In stark contrast, since our fiery siege in 1992, when the multicultural Los Angeles exploded with anger over injustice and years of economic oppression, there has been neither dialogue nor debate among or within the disparate Asian American communities, the pronouncedly fractious Korean community in particular. And, as if we need reminding, Koreans were the only minority group singled out for destruction in the spring of 1992, thanks to a media-fanned race conflict that pitted blacks and Koreans against each other.
In their century-old diaspora in the New World, Korean immigrants have proven to be individually hardy, productive and even heroic, but collectively divisive, powerless and invisible to the outside world.
Today’s Koreatowns, though outwardly thriving, remain ever vulnerable to flashpoints in the escalating interethnic tensions in the volatile urban centers. The next fire is just around the corner — no ifs or buts — if our past experiences prove any indication at all.
It was in the mid-1970s, in the aftermath of the 1965 Watts Rebellion, I began hearing a series of rumbles in the black papers in New York and South Central Los Angeles about the “invasion” of Korean merchants in their ‘hoods. That’s partly why I left my daily newspaper job in Sacramento in 1979 and settled in Los Angeles’ Koreatown to start Koreatown Weekly, the first national English-language publication for the emerging Korean American community.
Koreatown’s enthusiastic leaders soon reached out not only to black community leaders, but also to Jewish groups, for lessons in ethnic cooperation and coalition efforts. But within three years, the lone English-language Korean American voice folded for lack of advertising and readership, while the city’s two Korean-language newspapers thrived.

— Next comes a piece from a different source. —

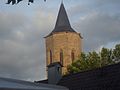 Der 52 m hohe Turm der Michalskirche Waiblingen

After a year of touring major Korean settlements across the continent, I came to bear witness to a remarkable breed of people who seemed to thrive on adversity without rancor. I was also impressed by tens of thousands of American-educated Korean professionals: doctors, professors, engineers, scientists, lawyers, accountants, business executives and civil servants. But I was equally haunted by their painfully conspicuous absence of the spirit of community service.
“This spirit of noblesse oblige appears alien to those who are in positions to do the most good for their struggling immigrant community,” I wrote in the Sept. 8, 1980, issue of Koreatown Weekly. “Our social landscape is barren and devoid of a community nurturing spirit and cooperative efforts. History seems to have bypassed the American-educated first-generation elites of the largely immigrant enclave. The time has come for the American-educated children of the New Immigrants to fill the void.”
A decade later, I grew alarmed by recurring reports of black-Korean violence in the Los Angeles Times and local TV news outlets. In 1990, I took leave from the Sacramento Union again and recruited highly motivated high schoolers and college graduates to launch the Korea Times Weekly in Koreatown and revive the lone English voice for Korean Americans.
A year before Sa-i-gu erupted, in the fiery aftermath of the Latasha Harlins tragedy, this screaming banner headline ran atop our weekly: “The Fire Next Time?”
“These are fearful times,” I penned in the editorial. “Are the non-English speaking Korean settlements across the land prepared for another media-fanned racial fire? These volatile hours cry out for the best available resources the Korean community can mobilize to reverse the tide of fear and alienation and to build bridges of goodwill with the African American community.”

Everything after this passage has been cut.